Task to carry out - Transcribe the entries exactly as given and skip whatever images they hold.

(Saved data entries)
◆ ◆ ◆ ◆

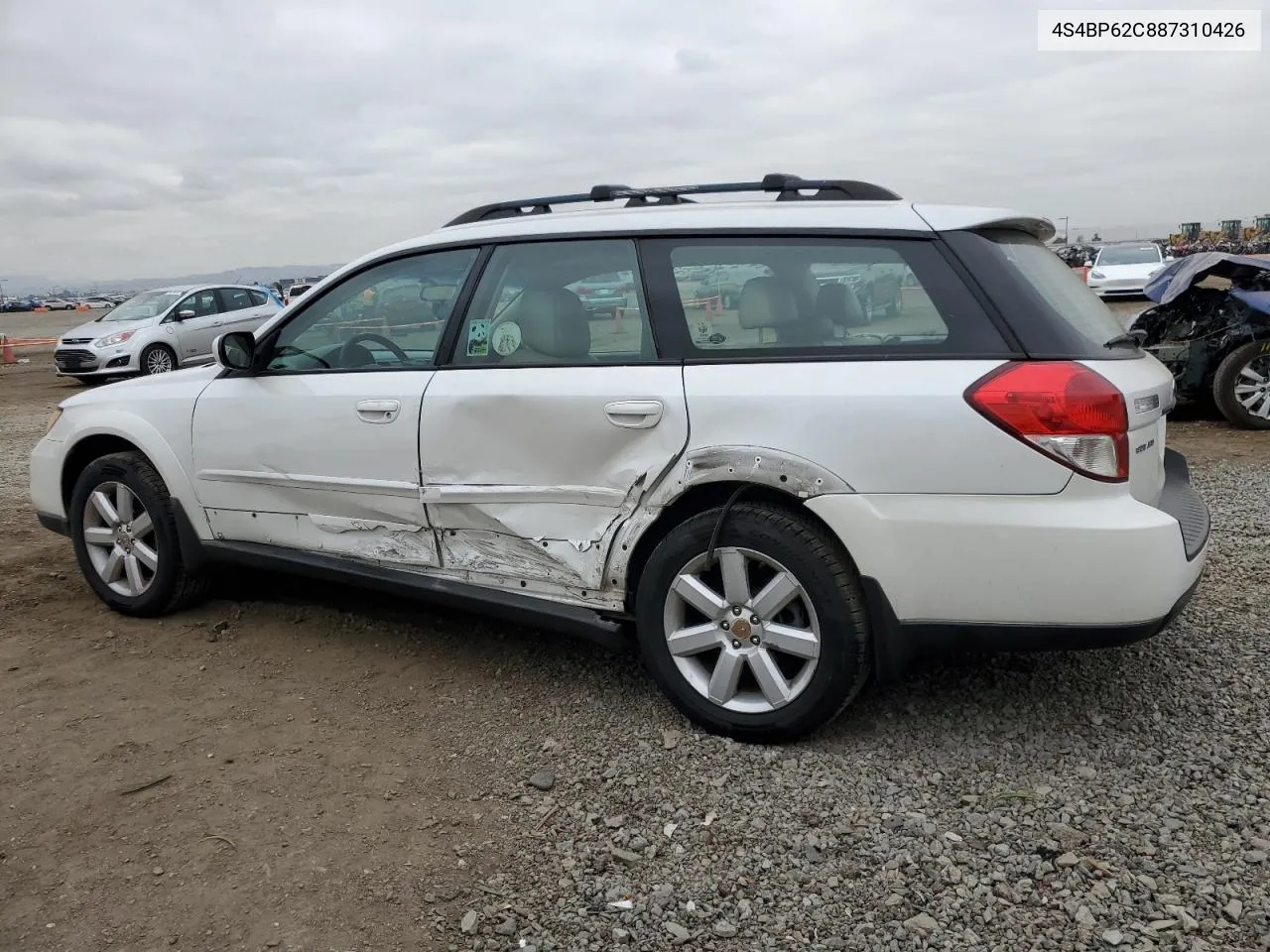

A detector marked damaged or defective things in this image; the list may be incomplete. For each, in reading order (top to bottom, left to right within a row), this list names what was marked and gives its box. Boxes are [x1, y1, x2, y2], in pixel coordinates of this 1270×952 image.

dented rear door [419, 363, 686, 594]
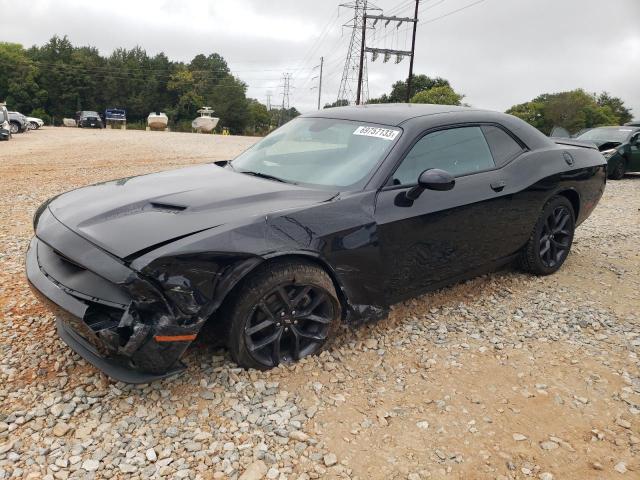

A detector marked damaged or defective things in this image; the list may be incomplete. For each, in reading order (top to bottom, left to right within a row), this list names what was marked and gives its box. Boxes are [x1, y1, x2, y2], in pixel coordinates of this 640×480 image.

crumpled bumper [26, 238, 190, 384]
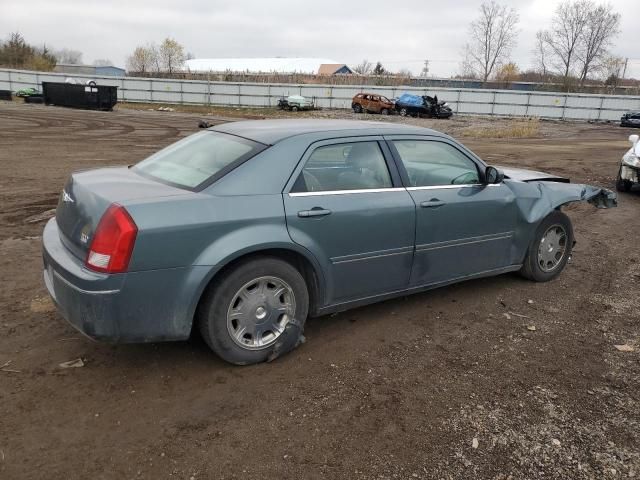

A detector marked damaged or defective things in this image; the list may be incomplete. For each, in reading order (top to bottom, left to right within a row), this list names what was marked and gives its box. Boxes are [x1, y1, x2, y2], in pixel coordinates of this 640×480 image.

wrecked vehicle [276, 94, 316, 111]
wrecked vehicle [350, 94, 396, 116]
wrecked vehicle [392, 92, 452, 118]
crumpled hood [500, 166, 568, 183]
wrecked vehicle [616, 133, 640, 191]
damaged front fender [504, 179, 616, 226]
wrecked vehicle [43, 119, 616, 364]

◆ ◆ ◆ ◆

Your solution -
A detector marked damaged or defective things in this image; the list may be incomplete. For each, in reading order (top to bottom, left to right within a row), this list names what was marked and gives its box. Boxes are [x1, y1, x2, y2], in pixel coordinates of this 1270×952 image.

dented rear door [419, 363, 686, 594]

A detector marked damaged or defective things in this image; the list may be incomplete. For each, in reading order (top to bottom, left to right within a row), this list names what was marked and gives its box. Boxes are [x1, y1, x2, y2], in pixel coordinates of this 640×480 image.

crumpled bumper [26, 238, 190, 384]

A detector marked damaged or defective things in this image; the list may be incomplete. For each, in reading order (top to bottom, left to right within a row), this list names what was marked and gives its box. Boxes are [x1, y1, x2, y2], in pixel coordinates of this 640×480 image.

wrecked vehicle [276, 94, 316, 111]
wrecked vehicle [350, 94, 396, 116]
wrecked vehicle [392, 92, 452, 118]
crumpled hood [500, 166, 568, 183]
wrecked vehicle [616, 133, 640, 191]
damaged front fender [504, 179, 616, 226]
wrecked vehicle [43, 119, 616, 364]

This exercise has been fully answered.